Polise şikayetçi olan Ç.Y.’nin uğradığı cinsel atak tabip raporlarına da yansıdı. Gözaltına alınan Kaya ve G.K. tabirlerinde kendilerine iftira atıldığını öne sürdü. Soruşturma başlatan polis, işyeri güvenlik kameralarının olayın gerçekleştiği tarih ve saat aralıklarının silindiğini tespit etti. Kamera kayıtlarının bir kısmı kurtarılırken, Kaya ve G.K. isimli denetimle hür bırakıldı. Genç bayan ise yaşadığı travmanın tesiriyle intihara teşebbüs etti. Kardeşinin son anda kurtardığı Ç.Y. yüzde 99.9 engelli olarak teneffüs aygıtına ve yatağa bağımlı hale geldi. Kaya’nın hür bırakılması kamuoyunda reaksiyonlara neden olurken, bayan hakları savunucuları da Kaya’nın katiyetle tutuklu yargılanması gerektiğini söyledi.
‘Yargının bakış açısı sıkıntılı’
Canan Güllü (Türkiye Bayan Dernekleri Federasyonu Başkanı): Son yıllarda bilhassa bir cezasızlık sisteminin arttığını ve yargının bakış açısında bir meşakkatin olduğunu söyleyebiliriz. 2 yıldan az bir ceza aldıkları için tutuklama olmuyor. Biz yıllardır bunun gayretini veriyoruz. İstanbul Mukavelesi uygulanmış olsaydı bu kişi tutuklu yargılanırdı fakat uygulanmıyor. Öbür taraftan yargı şiddetin tarifini bilmiyor. Kişi kendi hayatına kastetmiş. Yaşanan olayda isteğe dayalı rastgele bir durum yok. Bu kişinin tutuklu yargılanması gerekiyor. Cumhurbaşkanı’nın bir evvel amasız fakatsız kontratlarına sahip çıkması ve uygulaması gerekiyor.

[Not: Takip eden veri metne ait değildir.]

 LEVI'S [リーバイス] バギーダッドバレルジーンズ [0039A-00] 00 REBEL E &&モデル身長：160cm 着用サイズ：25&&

‘Yapılan azaptır ve azap suçtur’
Hülya Gülbahar (Avukat): Bu bayana yapılan TCK’da azap olarak geçiyor. 1 Haziran 2005’ten beri Türkiye’de bayana karşı şiddet sistematik olduğundan beri azaptır. Azap insanlık hatasıdır ve vakit aşımı da olmaz. Yapılan eziyetin 5 yıla kadar cezası var lakin burada yapılanlar bunların ötesinde. Tecavüz, yaralama, hakaret, kişi hürriyetini tahdit etmek bunların da farklı başka cezaları var. Bunların da eklenmesi gerekiyor. Tüm bunlar göz önüne alındığında bu adamın tutuksuz yargılanma ihtimali yok. Bu cezasızlık durumu erkeklere cüret veriyor. Bayan katillerine ve bayana şiddet uygulayanlara sıfır tolerans gösterilmeli.
‘Serbest kalmasından erkekler yürek alır’
Saadet Özkan (Çocuk İstismarı ile Uğraş Derneği (UCİM)Başkanı): Burada her şeyden evvel cinsel taarruza uğramış ve mevte itilmiş bir bayan var. Lakin bunları bu bayana yaşatan kişi tutuklanmamış. Toplumun adalete olan inancı ve itimadı zedeleniyor. Yargının bu üzere olaylarda eksiklerinin giderilmesine ve bir sisteme sokulmaya gereksinimi var. Ortada yaşanan bir gerçek var ve bayan yatağa bağımlı halde lakin şahıs özgür neden? Bu şahsın katiyen tutuklanması gerekiyor. Tutuklanmadığı takdirde, bu durumdan yürek alan binlerce erkek var.”